⟨

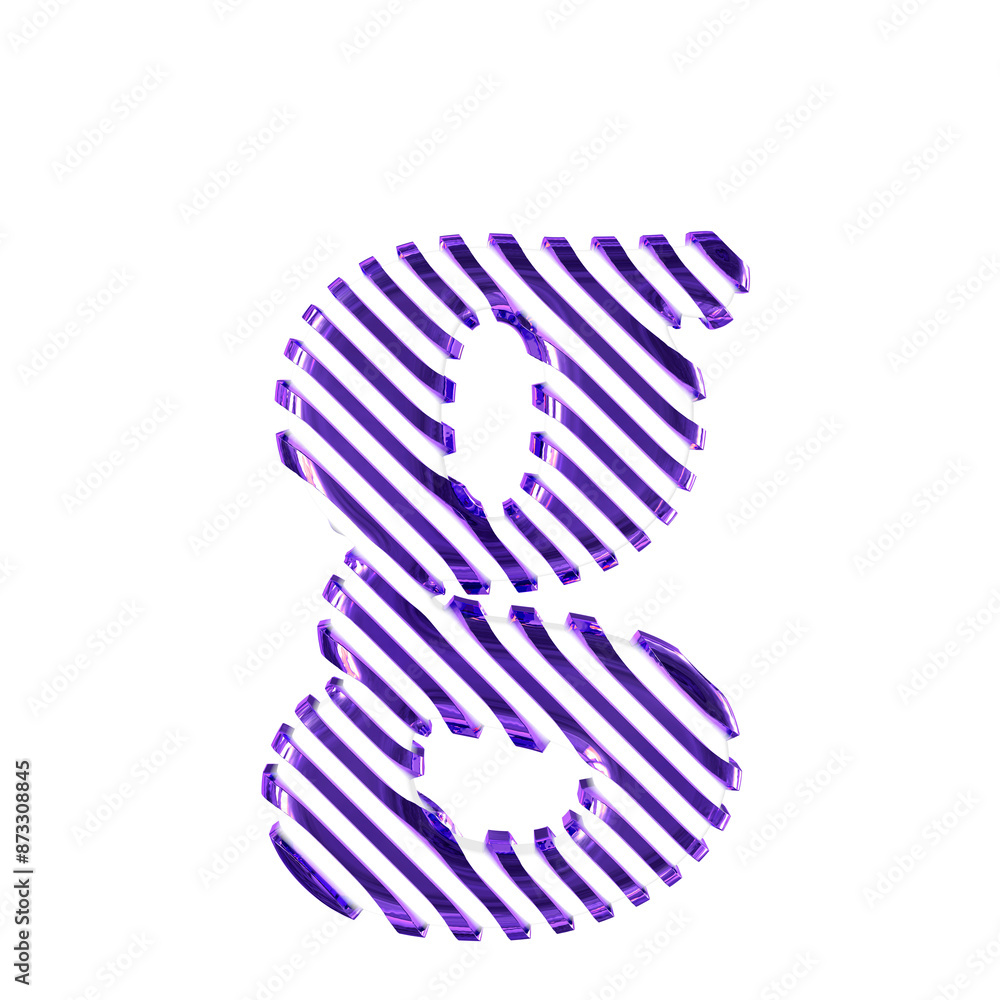 White symbol with dark purple diagonal ultra thin straps. letter g White symbol with dark purple diagonal ultra thin straps. letter g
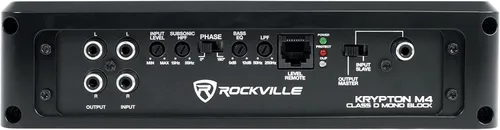 Vista 4 de Rockville Krypton M4 6000w Peak/1500w RMS Mono 1 Ohm Amplificador de Coche Amp+Remoto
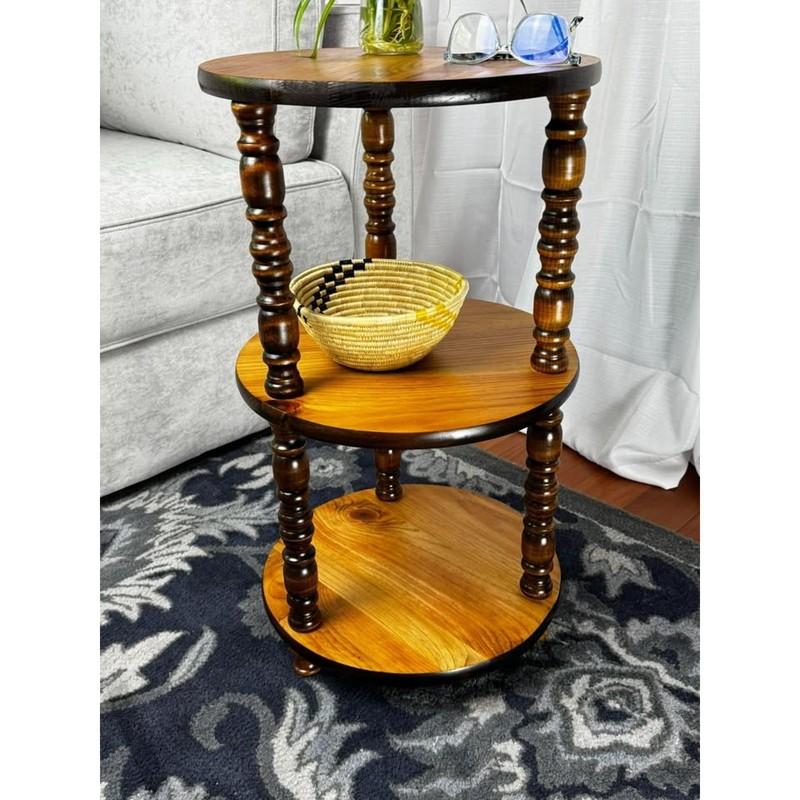 Solid Wood 3-Tier Accent Table – Cottage / Traditional Style Free Local Delivery gallery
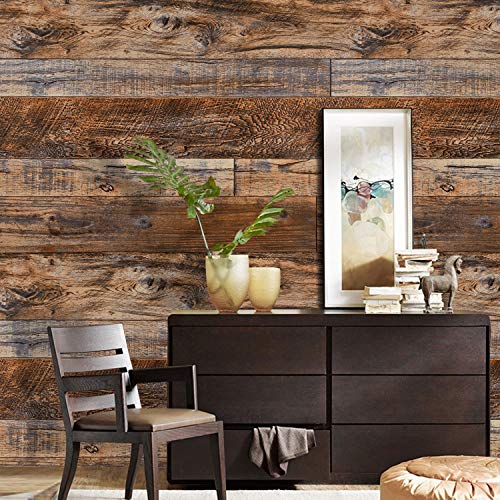 Brown Wood Peel and Stick Wallpaper Shiplap Self Adhesive Wood Plank H3107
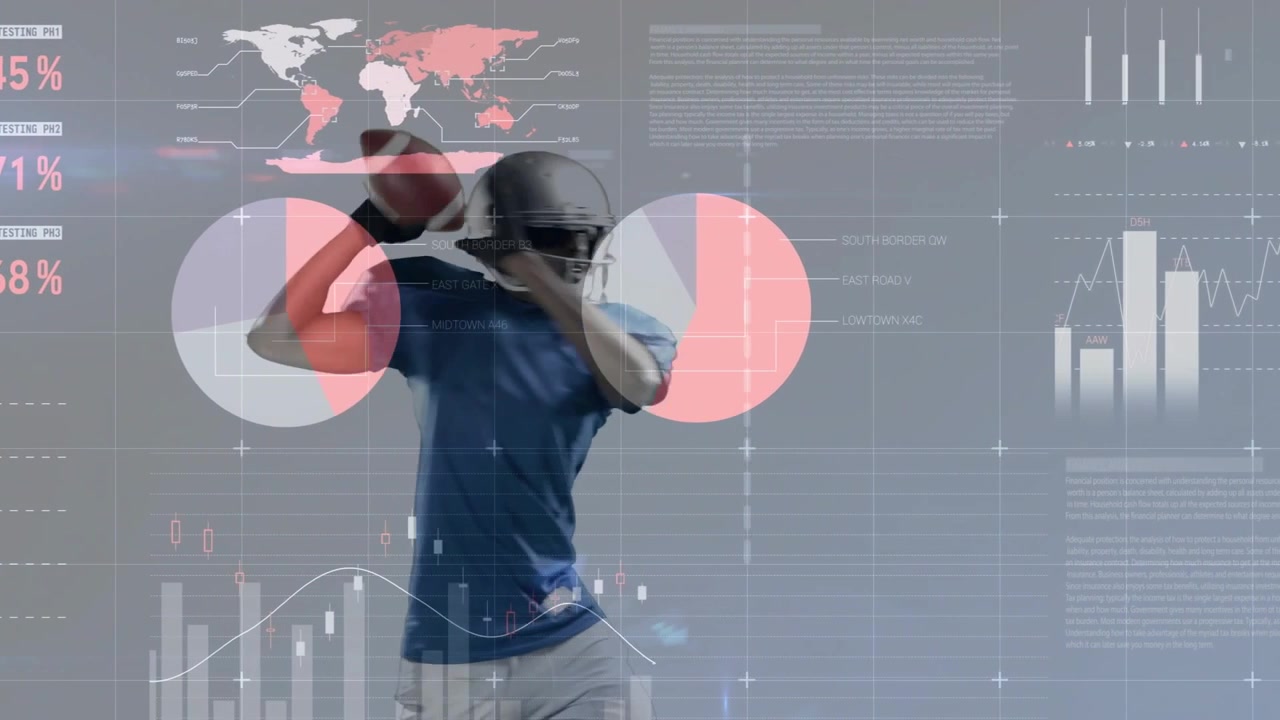 QB shifting ball, pivoting, throwing in-studio as HUD pie charts overlaying player for sports data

⟩

> Exercise
Without the pictures, transcribe the listing above exactly.

> Expected output
 White symbol with dark purple diagonal ultra thin straps. letter g White symbol with dark purple diagonal ultra thin straps. letter g
 Vista 4 de Rockville Krypton M4 6000w Peak/1500w RMS Mono 1 Ohm Amplificador de Coche Amp+Remoto
 Solid Wood 3-Tier Accent Table – Cottage / Traditional Style Free Local Delivery gallery
 Brown Wood Peel and Stick Wallpaper Shiplap Self Adhesive Wood Plank H3107
 QB shifting ball, pivoting, throwing in-studio as HUD pie charts overlaying player for sports data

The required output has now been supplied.